Une version longue peut aussi apporter une séquence supplémentaire. Dans certains cas cette séquence n’apporte strictement rien de plus au film et la version longue n’a aucun intérêt à part celui de passer plus de temps dans l’univers du film (exemple : Sucker Punch). Dans le cas de Abyss en revanche, la version longue (devenue la version officielle et la plus connue maintenant je pense) ajoute la séquence dans laquelle Ed Harris échange avec les aliens dans leur vaisseau spatial. Cette séquence change complètement le sens de l’intervention de aliens par rapport à la version originale et change complètement la thématique du film.
La longueur d’un film renvoie au problème (esthétique) de la durée de ce qu’on appelle un film, telle que celle-ci résulte des opérations de tournage et de montage choisies et effectuées par celui qu’on appelle un “réalisateur”. Les versions dites “longues” sont donc les versions d’un film dont la longueur a été retrouvée, restaurée, après que celle-ci ait été “raccourcie” par la production au prétexte que la longueur initialement choisie, jugée excessive, risquait d’effrayer ou d’insupporter les spectateurs. Un exemple significatif est ce qui s’est passé avec le film “Heaven’s Gate” (La porte du Paradis) tourné en 1980 par le réalisateur américain Michael Cimino. Sa “durée réalisateur” initiale était de 360mn (sur 200h de rushes); elle fut ramenée par les producteurs à 150′ pour sa diffusion en salle, ce qui ne sauvera pas le film et n’empêchera pas la United Artists qui l’avait produit de faire faillite. En 2012, sur pression amicale de ses collègues Coppola et Scorsese, Cimino acceptera de retravailler son film et de ressortir une nouvelle version dite “Director’s cut” de 3h40 (avec un nouveau montage et sa remasterisation numérique) ; ce qui permettra au grand public de découvrir ou redécouvrir un film exceptionnel, au plus près de ce que son auteur en concevait, et de l’apprécier enfin dans toute sa beauté et sa force critique perdues et retrouvées . En conclusion : ce qui se joue dans la question (stratégique) de longueur d’un film, c’est le sens, la qualité du temps - où plutôt de la durée - tel qu’un créateur cinéaste pense l’histoire (scénario) qu’il veut raconter, en jouant techniquement et artistiquement (filmage, montage) sur le clavier sensible des temps et des mouvements de l’image.
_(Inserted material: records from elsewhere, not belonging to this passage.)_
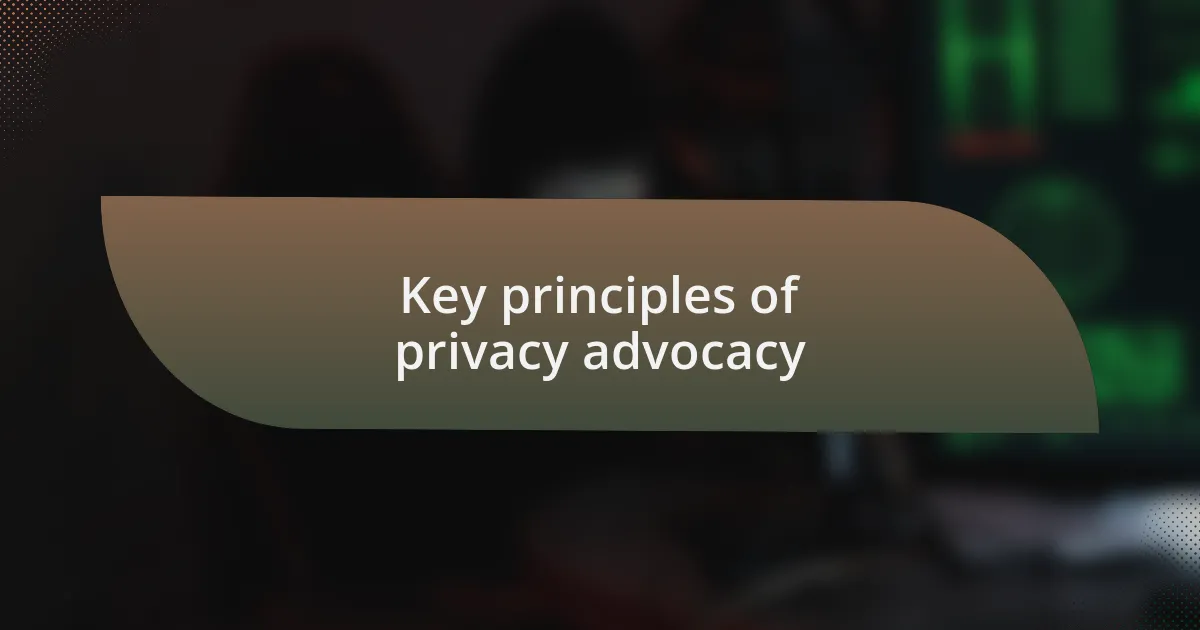 Key principles of privacy advocacy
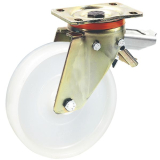 Schwerlastfeststellrolle mit Polyamidrad u. Feststeller 150x50mm/Platte140x110mm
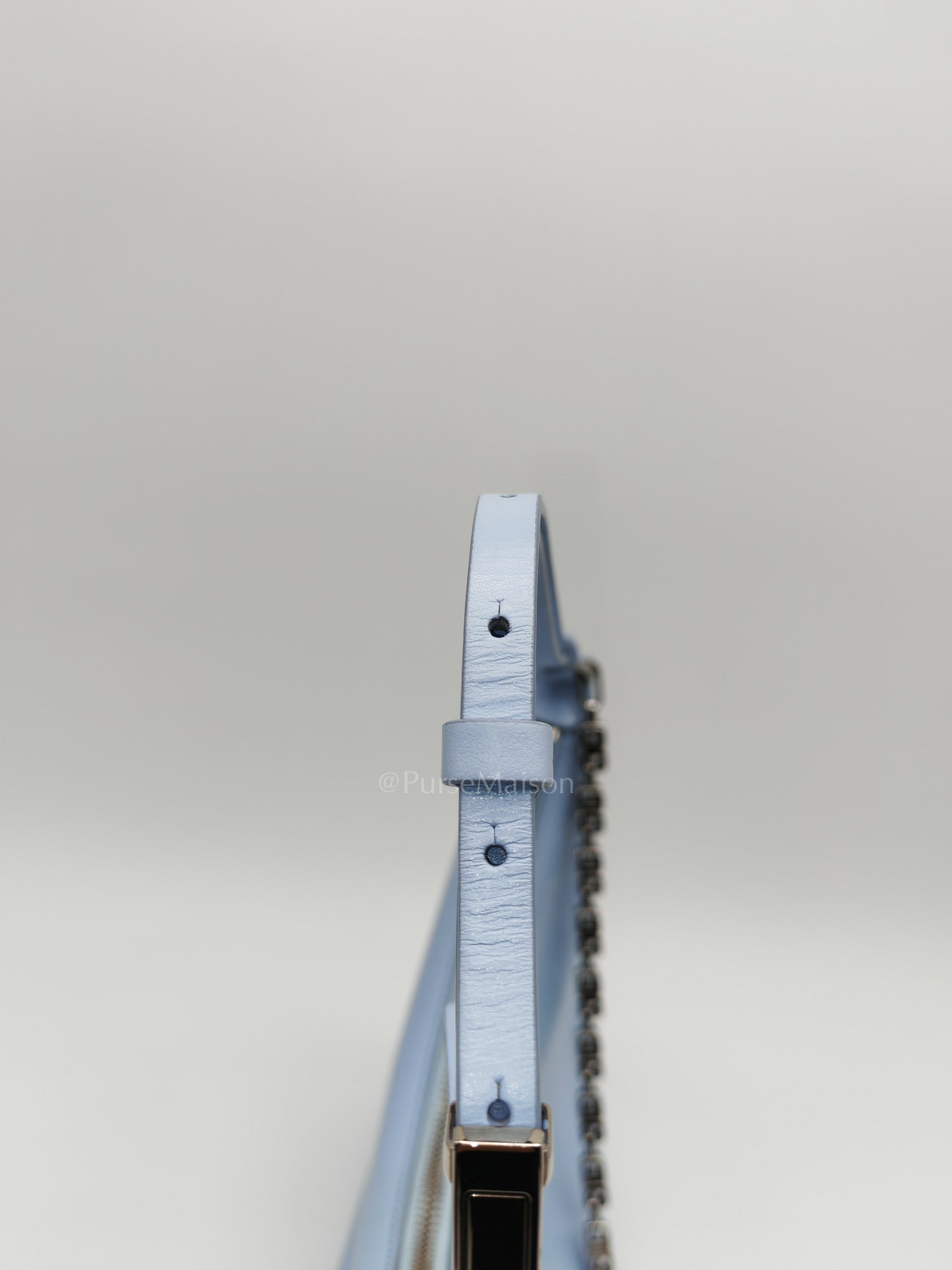 Moon Cut Out Shoulder Bag Small in Baby Blue Smooth Calfskin Leather & Silver Hardware | Purse Maison Luxury Bags Shop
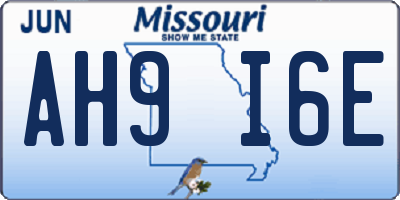 MO license plate AH9I6E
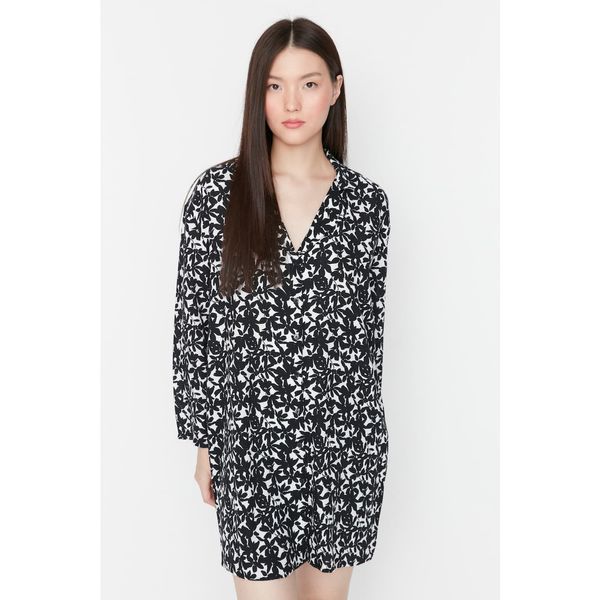 Trendyol Trendyol Multicolor Patterned Shirt Collar Viscose Woven Nightgown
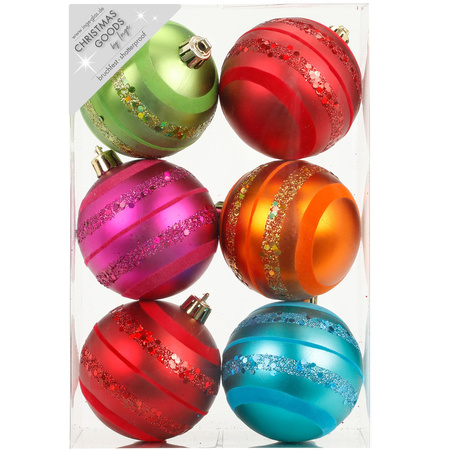 18x Kunststof kerstballen gekleurd 8 cm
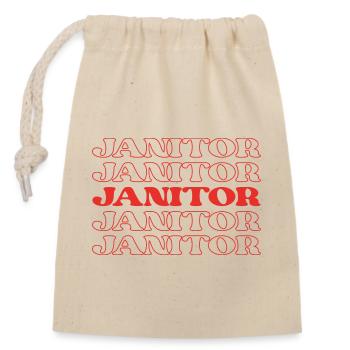 Concierge Gardien Nettoyeur Agent d’entretien - Sac cadeau en coton avec cordon (14 x 20 cm) - nature - Devant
Blade Runner est un film sans cesse remodelé. En fait, il compte actuellement 7 versions différentes, allant de la première version diffusée (Broadcast Cut) au montage final (Final Cut).
Le montage original, celui qui a été diffusé dans les salles de cinéma en 1982, est l’illustration parfaite d’une intégrité artistique… perturbée par l’interférence du studio.
À bien des égards, le paysage cinématographique n’a pas changé depuis 40 ans — les studios sont toujours aussi stupides.
La vision ambitieuse et futuriste de Ridley Scott s’est avérée trop risquée pour les studios. Ils ont exigé de Ridley qu’il simplifie et ****sse le film pour qu’il puisse être servi aux masses.
Plusieurs moyens ont été mis en œuvre pour y parvenir.
L’exemple le plus embarrassant est peut-être l’inclusion insultante de voix off pour raconter les pensées d’un personnage ou expliquer une scène.
Harrison Ford était clairement contre le fait de gâcher la nature atmosphérique caractéristique du film, il a donc enregistré ses répliques de la manière la plus ringarde possible, en espérant qu’elles ne seraient pas utilisées.
Ils les ont utilisées, bien sûr.
Pour ajouter à l’insulte, les studios ont tenté de transformer la fin en happy end — dans ce film qui était probablement le plus sombre de l’époque.
Tenter de transformer une œuvre contemplative et méthodique comme Blade Runner en un film d’action générique reste encore aujourd’hui l’un des plus grands péchés du cinéma.
Et les gens se demandent pourquoi personne ne s’est donné la peine de le regarder à sa sortie.
Maintenant, il suffit de comparer cela avec le montage du réalisateur pour que le vrai film émerge. Ils sont presque entièrement différents dans le ton.
Certaines modifications changent tout. Les voix off condescendantes sont remplacées par des bruits d’ambiance urbaine, qui nous imprègnent totalement de l’atmosphère de cette dystopie futuriste.